For RTP peaks at 540 nm excited by 390 nm, compared to DCzSBr and DCzDBr with RTP lifetimes of 116 and 80 ms, DCzSBrSP exhibits the longest RTP lifetime at 540 nm reaching 742 ms, which is elongated by more than 6 and 9 folds, respectively (Fig. 2c). Despite shorter than that of DCzSBrSP, RTP lifetime of DCzSBrSPO also increases to 503 ms. Furthermore, RTP lifetimes at 590 nm are nearly equal to those at 540 nm for all these four materials, indicating consistent photophysical procedures. However, sulfide of DCzSBrSP does not exhibit long-persistence room temperature phosphorescence, since the lifetimes of its powder are less than 20 ms (Supplementary Figs. 3 and 4). The comparable lifetimes of DCzSBrSP and DCzSBrSPO imply their similar RTP mechanism, which is undoubtedly different to that for DCzSBr and DCzDBr. Obviously, this mechanism difference also renders the unique delayed RTP for DCzSBrSP and DCzSBrSPO.

Carbazole is the chromophore of all these four materials, which makes the main contributions to single-molecular excited-state characteristics, therefore, their electronic absorption, photoluminescence and phosphorescence spectra in dilute solutions (10−5 mol L−1 in dichloromethane) are nearly identical (Supplementary Fig. 5 and Supplementary Table 2).
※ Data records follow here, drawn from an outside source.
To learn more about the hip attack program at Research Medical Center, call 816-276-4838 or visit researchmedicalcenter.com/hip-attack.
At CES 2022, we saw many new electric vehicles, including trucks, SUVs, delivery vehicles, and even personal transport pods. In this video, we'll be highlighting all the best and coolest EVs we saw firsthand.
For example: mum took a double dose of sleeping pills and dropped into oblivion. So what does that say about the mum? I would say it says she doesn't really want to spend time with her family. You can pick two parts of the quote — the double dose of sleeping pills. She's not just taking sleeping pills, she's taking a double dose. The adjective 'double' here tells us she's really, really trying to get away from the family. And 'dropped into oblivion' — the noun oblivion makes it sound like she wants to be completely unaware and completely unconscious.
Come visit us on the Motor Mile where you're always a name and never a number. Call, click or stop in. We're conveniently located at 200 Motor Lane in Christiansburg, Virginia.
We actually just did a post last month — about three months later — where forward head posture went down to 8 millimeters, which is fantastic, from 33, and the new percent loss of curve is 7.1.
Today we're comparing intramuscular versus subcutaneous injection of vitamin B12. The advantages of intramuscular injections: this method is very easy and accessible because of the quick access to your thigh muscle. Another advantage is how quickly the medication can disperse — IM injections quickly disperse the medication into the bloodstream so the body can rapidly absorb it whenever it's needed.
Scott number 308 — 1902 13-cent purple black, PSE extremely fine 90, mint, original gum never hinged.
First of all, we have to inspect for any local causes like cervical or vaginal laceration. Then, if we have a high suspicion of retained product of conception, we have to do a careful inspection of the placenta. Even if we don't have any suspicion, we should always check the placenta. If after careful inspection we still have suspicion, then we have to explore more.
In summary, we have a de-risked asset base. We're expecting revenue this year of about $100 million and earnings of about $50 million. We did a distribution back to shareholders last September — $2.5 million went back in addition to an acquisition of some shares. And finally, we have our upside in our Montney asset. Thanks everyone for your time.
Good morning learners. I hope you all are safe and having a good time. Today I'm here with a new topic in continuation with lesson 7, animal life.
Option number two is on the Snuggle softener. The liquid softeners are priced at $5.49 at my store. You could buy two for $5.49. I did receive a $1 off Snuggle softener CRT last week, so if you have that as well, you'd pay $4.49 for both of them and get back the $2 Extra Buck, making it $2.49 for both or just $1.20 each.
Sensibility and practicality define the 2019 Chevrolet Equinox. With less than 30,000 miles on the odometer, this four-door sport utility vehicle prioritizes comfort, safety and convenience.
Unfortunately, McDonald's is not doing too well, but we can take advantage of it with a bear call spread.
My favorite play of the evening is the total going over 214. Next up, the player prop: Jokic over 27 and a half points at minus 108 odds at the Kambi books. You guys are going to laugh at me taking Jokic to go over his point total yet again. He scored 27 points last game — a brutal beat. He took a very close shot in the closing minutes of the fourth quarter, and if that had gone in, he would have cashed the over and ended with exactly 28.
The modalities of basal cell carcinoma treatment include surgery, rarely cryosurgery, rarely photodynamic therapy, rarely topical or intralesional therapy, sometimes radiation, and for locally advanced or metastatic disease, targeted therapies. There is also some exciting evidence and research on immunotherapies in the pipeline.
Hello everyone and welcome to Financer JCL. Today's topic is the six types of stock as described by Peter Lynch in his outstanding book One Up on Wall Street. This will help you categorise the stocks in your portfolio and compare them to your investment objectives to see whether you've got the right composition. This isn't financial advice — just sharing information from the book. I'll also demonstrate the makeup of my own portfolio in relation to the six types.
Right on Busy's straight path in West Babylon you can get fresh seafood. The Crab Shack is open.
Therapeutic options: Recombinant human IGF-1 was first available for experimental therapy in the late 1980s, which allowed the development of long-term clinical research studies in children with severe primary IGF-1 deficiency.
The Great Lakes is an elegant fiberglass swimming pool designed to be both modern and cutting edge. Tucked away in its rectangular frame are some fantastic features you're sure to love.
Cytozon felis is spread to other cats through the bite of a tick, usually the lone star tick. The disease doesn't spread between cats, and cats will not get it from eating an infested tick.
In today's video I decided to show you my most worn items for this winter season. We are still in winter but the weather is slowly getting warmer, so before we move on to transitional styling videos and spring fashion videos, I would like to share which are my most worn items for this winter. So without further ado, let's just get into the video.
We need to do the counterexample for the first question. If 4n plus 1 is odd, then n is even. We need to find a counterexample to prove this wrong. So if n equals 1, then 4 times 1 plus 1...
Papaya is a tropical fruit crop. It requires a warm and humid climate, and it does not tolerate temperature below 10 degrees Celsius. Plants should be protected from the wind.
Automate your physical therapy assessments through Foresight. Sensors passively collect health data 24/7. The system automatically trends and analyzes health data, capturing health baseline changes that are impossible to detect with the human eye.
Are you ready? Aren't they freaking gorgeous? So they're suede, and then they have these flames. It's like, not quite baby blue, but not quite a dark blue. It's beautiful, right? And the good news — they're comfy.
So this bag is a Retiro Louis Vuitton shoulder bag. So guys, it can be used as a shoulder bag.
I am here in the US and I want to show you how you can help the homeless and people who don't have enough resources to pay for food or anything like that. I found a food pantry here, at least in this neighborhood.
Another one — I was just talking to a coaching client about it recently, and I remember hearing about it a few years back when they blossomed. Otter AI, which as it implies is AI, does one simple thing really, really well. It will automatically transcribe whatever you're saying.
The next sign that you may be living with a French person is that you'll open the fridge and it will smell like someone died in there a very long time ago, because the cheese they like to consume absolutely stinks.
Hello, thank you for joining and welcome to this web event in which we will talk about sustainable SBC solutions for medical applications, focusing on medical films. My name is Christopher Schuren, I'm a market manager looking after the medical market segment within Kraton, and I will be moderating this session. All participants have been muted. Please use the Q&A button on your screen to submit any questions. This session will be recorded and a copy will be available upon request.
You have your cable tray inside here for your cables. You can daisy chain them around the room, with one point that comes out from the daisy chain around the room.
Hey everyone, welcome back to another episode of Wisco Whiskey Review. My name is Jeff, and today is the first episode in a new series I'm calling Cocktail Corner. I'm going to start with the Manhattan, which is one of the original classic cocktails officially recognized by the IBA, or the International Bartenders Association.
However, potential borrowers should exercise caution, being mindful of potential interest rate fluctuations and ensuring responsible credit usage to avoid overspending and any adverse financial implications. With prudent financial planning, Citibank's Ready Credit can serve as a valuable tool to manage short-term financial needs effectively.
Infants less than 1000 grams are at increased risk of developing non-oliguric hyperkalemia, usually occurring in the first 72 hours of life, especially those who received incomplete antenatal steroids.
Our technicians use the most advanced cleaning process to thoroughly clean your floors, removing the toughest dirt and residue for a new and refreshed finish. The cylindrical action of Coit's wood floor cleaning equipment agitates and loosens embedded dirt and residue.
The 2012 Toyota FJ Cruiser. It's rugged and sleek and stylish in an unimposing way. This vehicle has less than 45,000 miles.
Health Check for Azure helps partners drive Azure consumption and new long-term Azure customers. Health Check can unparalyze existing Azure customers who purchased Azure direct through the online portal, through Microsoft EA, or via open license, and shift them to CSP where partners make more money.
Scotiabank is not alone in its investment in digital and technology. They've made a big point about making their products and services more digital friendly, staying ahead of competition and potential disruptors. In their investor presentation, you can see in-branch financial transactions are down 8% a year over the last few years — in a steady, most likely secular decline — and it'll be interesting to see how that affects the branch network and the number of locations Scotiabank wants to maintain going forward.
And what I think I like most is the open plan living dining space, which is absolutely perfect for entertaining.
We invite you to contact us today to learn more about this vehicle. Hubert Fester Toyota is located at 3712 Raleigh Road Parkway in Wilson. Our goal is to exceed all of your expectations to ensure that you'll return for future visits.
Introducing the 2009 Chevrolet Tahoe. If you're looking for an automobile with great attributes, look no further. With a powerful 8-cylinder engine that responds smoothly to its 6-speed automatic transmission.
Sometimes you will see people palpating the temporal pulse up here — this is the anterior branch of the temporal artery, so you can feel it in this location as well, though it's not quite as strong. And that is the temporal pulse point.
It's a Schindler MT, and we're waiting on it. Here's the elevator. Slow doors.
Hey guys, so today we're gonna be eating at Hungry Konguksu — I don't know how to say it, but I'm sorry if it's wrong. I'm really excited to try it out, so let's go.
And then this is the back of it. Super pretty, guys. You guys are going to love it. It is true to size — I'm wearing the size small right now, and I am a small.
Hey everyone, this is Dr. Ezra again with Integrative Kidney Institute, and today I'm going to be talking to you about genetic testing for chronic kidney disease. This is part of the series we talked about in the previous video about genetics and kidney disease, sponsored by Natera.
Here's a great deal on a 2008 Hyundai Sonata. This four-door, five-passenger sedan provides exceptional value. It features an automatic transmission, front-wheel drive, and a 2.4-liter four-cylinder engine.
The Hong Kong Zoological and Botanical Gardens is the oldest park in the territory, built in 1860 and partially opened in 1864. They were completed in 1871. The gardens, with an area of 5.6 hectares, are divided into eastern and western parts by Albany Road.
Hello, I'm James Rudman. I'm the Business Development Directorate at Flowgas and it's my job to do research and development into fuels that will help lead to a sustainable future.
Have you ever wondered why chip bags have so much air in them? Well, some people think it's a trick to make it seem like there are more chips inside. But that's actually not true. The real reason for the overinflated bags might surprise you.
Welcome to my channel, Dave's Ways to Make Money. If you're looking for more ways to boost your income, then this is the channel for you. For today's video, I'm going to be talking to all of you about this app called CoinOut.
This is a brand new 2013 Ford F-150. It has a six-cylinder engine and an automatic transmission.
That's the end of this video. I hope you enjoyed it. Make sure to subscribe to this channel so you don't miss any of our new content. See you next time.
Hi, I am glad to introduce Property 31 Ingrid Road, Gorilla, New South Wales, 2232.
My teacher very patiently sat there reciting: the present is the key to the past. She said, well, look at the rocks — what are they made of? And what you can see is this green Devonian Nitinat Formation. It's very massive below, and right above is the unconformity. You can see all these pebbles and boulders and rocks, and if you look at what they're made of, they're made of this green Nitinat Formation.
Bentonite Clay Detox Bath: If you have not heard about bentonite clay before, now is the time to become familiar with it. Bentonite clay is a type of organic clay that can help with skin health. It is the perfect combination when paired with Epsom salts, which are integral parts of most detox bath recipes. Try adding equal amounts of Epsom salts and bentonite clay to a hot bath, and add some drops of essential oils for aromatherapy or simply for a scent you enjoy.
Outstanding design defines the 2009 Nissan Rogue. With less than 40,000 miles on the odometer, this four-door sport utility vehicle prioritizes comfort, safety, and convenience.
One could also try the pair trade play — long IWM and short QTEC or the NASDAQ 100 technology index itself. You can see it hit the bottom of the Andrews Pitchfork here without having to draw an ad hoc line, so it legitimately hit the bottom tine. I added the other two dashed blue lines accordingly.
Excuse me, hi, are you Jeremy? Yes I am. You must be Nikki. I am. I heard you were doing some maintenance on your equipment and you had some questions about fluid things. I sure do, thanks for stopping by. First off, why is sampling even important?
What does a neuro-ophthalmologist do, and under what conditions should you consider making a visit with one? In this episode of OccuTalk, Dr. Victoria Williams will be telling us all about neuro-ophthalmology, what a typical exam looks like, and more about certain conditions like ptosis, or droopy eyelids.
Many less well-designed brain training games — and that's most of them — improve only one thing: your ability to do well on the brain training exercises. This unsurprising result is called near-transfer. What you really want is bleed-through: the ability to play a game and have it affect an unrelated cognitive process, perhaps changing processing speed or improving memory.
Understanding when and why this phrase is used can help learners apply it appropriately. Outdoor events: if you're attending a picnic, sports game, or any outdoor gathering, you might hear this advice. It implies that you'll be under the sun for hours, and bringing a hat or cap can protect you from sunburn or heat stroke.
The lifetimes of the solutions are similar to the fluorescence lifetimes of the powders, indicating the initial states of emissions from the powders are their single-molecular S1 states (Supplementary Figs. 6, 7). The details of transition processes for RTP from these four materials are investigated with time-resolved emission spectra (TRES) of DCzSBr, DCzDBr, DCzSBrSP and DCzSBrSPO powders, which indicate the step-by-step evolution from the T1 states to Tn* states (Fig. 3a and Supplementary Fig. 8). It is shown that in the time range from microsecond to millisecond, all these four materials firstly revealed the microsecond-scaled emissions centered at ~420 nm, which are nearly identical to single-molecular phosphorescence spectra originated from the T1 states (insets of Supplementary Figs. 5, 9, 10). Without any intermediate processes, T1 states of DCzSBr and DCzDBr transit to the Tn* states within 60 and 20 μs, respectively. Such short time gaps can not be recognized by human eyes, giving rise to instant RTP. On the contrary, only a small proportion of the T1 states for DCzSBrSP and DCzSBrSPO immediately transit to their Tn* states after dozens of microseconds, rendering negligible instant RTP. But, the majority of their T1 states evolve to the TM states, which are embodied as the additional triplet bands at ~490 nm between single-molecular phosphorescence and RTP, and finally transit to the Tn* states of DCzSBrSP and DCzSBrSPO after 30 and 50 ms, respectively, resulting in delayed RTP at 540 nm. Consequently, “dark time” of dozens of milliseconds from excitation removal to delayed RTP is long enough to be recognizable by naked eyes.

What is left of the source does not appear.